# Crossley & Britsh Polar engines



## Stephen J. Card (Nov 5, 2006)

Just found two film on You Tube...

London River - A Review of Crossley Engines (c.1954)

&

British Polar engine Start Up



The first is one quite film on the river and good footage. The British polar Engine... well... sweet noise!

Stephen


----------



## chadburn (Jun 2, 2008)

Crossley two strokes were a great little engine, just needed a regular decoke.


----------



## Stephen J. Card (Nov 5, 2006)

chadburn said:


> Crossley two strokes were a great little engine, just needed a regular decoke.



Had a pair of them in the Topsham and Tara II.... the former Red Funnel Tug/Tenders.... Gatcombe and Calshot. Gave long life for sure. Must admit that from the wheelhouse they were quiet... just enough to let you know that the revs were not at zero! It happened once.... even surprise the Chief and Second as well. Called down to the afterdeck asking what happen with the revs?

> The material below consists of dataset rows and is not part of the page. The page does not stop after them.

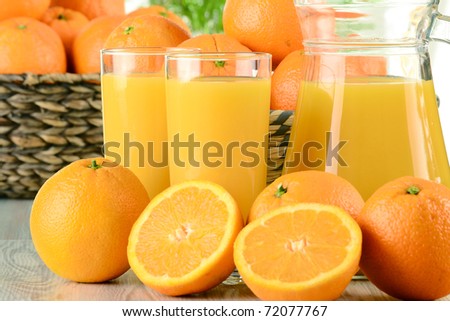 Glasses of orange juice and fruits
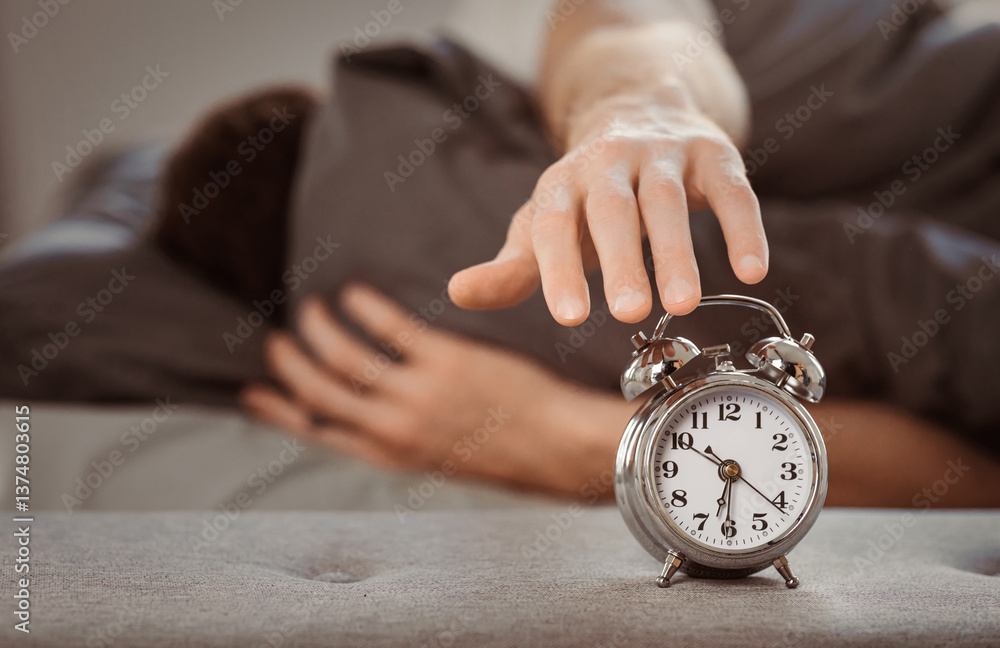 Aufkleber time to get up. man turning off alarm-clock waking up wrapped in blanket lying in bed at home. shall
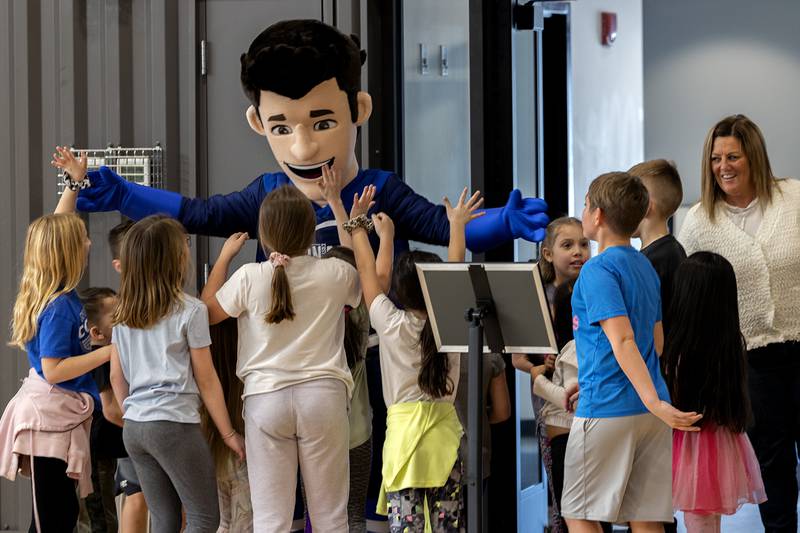 Dixon Park District mascot SPARK greets kids from St. Anne’s School Tuesday, Jan. 31, 2023 as they enjoy an afternoon of activity.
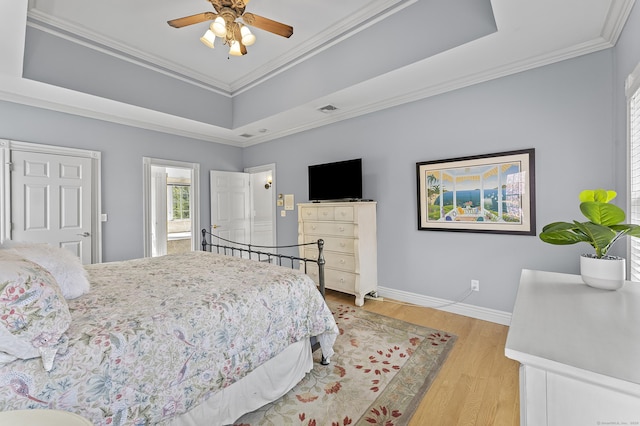 bedroom with a raised ceiling, baseboards, ornamental molding, and light wood finished floors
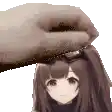 a hand is putting a doll 's head on a white background .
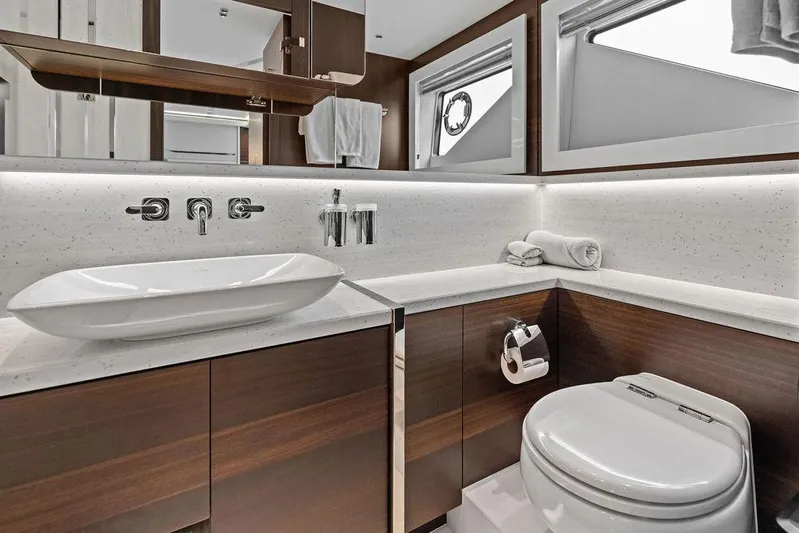  Yacht Photos Pics Luxurious bathroom in 2022 Sunseeker 65 Sport Yacht with modern fixtures and elegant design.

He says, "I thought she was going rather slow as well!" 

Stephen


----------



## chadburn (Jun 2, 2008)

Good combination a Crossley 8 cyl and MWD gearbox, spent a period of time as Chief in the Home Trade whilst the first born was due down the slipway then it was back to the Foreign Trade.


----------



## Doxfordman (Mar 29, 2005)

Just been in Hong Kong, pretty sure the Star Ferries have Crossleys in them.


----------